On the third day of the hunt, we encountered far fewer animals than on our previous outings. We had hiked far from the river, perhaps five or six miles, to a high rocky ridge that overlooked a drainage and countless water bodies, swamps and bogs. You could see bands of caribou on the move for miles upon miles. Rhett’s binoculars picked up a respectable bull about three miles away back towards the river.
With a grin Kerry said, “Go get em’, eh? Run, run, run”. Kerry laughed for at least five minutes after Rhett took off at double time.
Age being the better part of wisdom, Kerry and I found some cover high up on the ledge and glassed caribou scattered in ones, twos, or relatively small herds across the landscape. There was no bull worth getting excited over.
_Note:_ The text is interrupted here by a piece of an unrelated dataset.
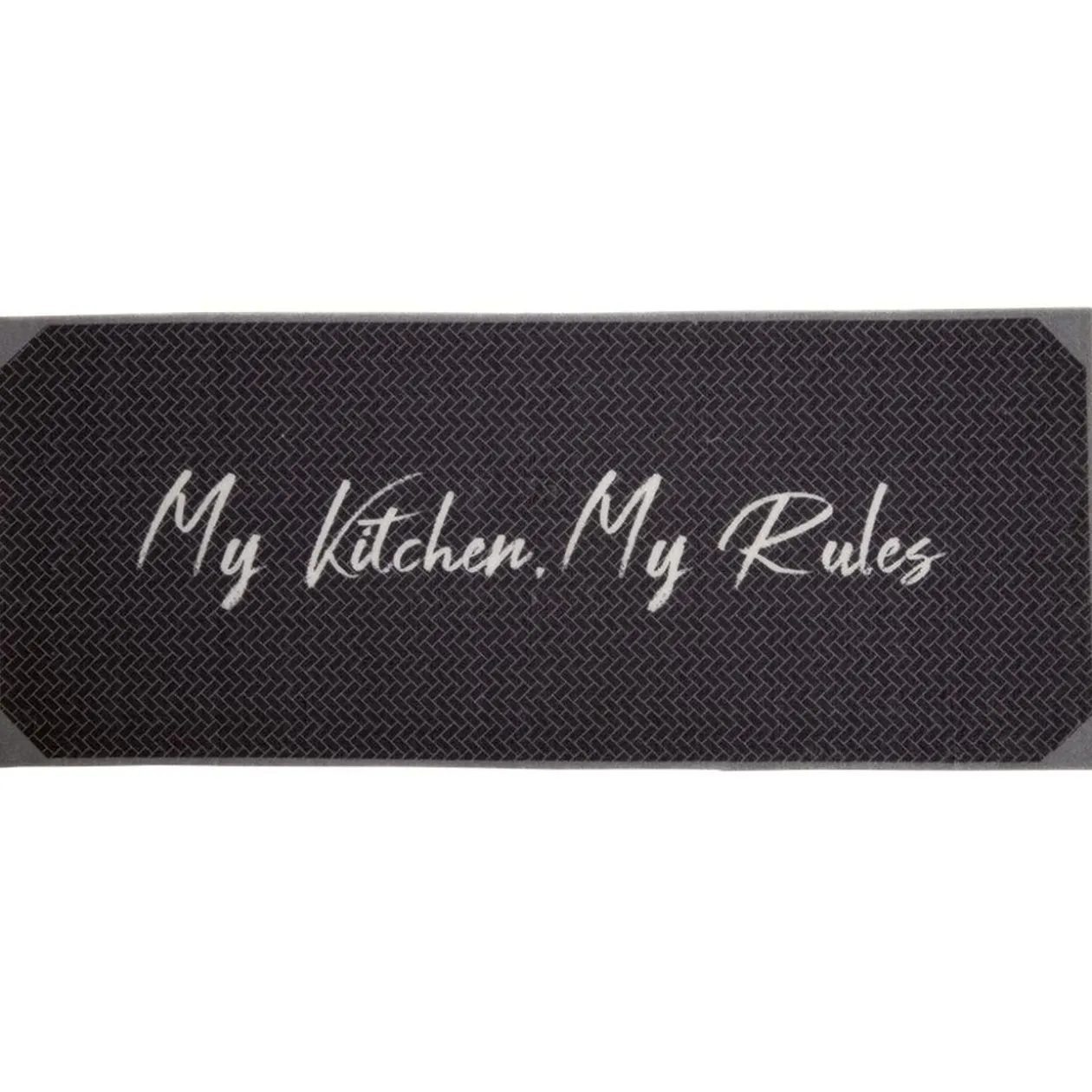 Tapis de cuisine My Kitchen My Rules gris et blanc 120x50 cm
We perched up in the rocks and watched Rhett, now three miles away and still at almost a trot, through the binoculars. We shared some snacks, and swapped some stories. Every few minutes would swing our glasses from the entertainment Rhett was providing to specs of far off caribou that had materialized somewhere in the three hundred and sixty degree vista. Kerry was busy glassing a small herd four or five miles away when my eye detected an almost imperceptible movement a half of a mile out. It had been just been a motion behind the silhouette of a rock. I felt that familiar surge of hunter adrenaline when I picked out a third of a monstrous caribou rack moving as if suspended, the body of the bull hidden by a roll in the landscape. I needed only a second to know that this was the bull for which I had waited.
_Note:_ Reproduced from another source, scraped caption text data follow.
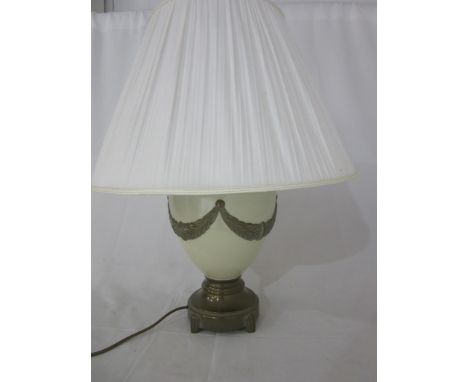 A classical style pottery lamp with silk shade, total height incl. shade 65cm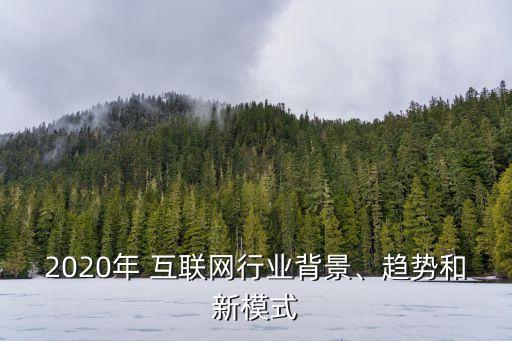 2020年 互聯(lián)網(wǎng)行業(yè)背景、趨勢和新模式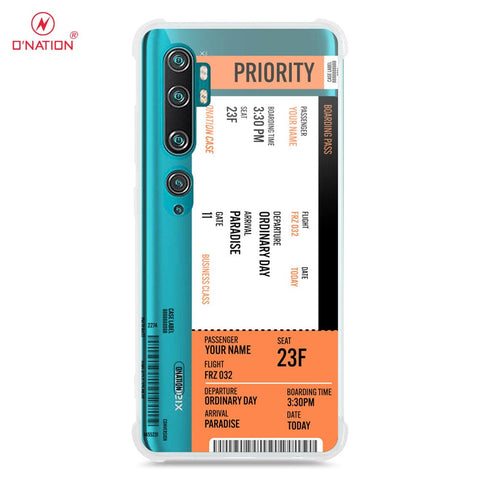 Xiaomi Mi Note 10 Cover - Personalised Boarding Pass Ticket Series - 5 Designs - Clear Phone Case - Soft Silicon Borders
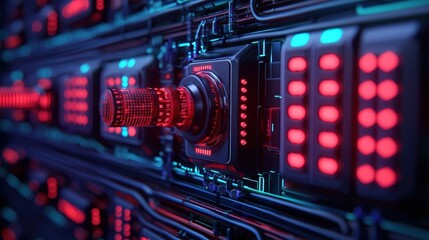 Fototapeta premium Futuristic Technology Control Panel with Neon Lights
I simultaneously collected my gear and rifle, jacked a shell in the chamber and patted Kerry on the shoulder. “Big bull, I am going after it”. Kerry riveted his attention to where I pointed.
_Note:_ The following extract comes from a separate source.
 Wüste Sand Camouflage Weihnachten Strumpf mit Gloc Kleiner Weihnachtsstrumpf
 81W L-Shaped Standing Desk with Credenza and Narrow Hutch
“That is a dandy, eh, go, go, go, go get it”. There was excitement in his voice.
I was already on the move but I shot back a laugh over my shoulder, “At least you didn’t say run, run, run”. Kerry broke out in gales of laughter.
“I’ll stay here and keep him in sight, keep your radio on”, He called out.
I moved as fast as I could in the uneven terrain mindful of my back, and wanting to avoid becoming winded. It is tough to steady your rifle if you are breathing hard after moving fast over a mile of tough topography. My mind reflected on the land features we had hiked through to get to our vantage point. Years of big game experience and instinct told me the big bull would try and follow the low areas and I set my course for an intercept two hundred yards from where I felt he was headed.
I reached the knob that had been my goal and settled into shooting position behind a particularly large rock. I glanced back at Kerry. He was on his feet frantically waving both arms in the air. I took it from his gestures that I should go further. I hesitated, quite sure the bull was going to come up the swale below me, but Kerry had hunted far more caribou than I. I decided to split the difference and moved crouched and alert to a smaller rise a hundred yards down the ridge.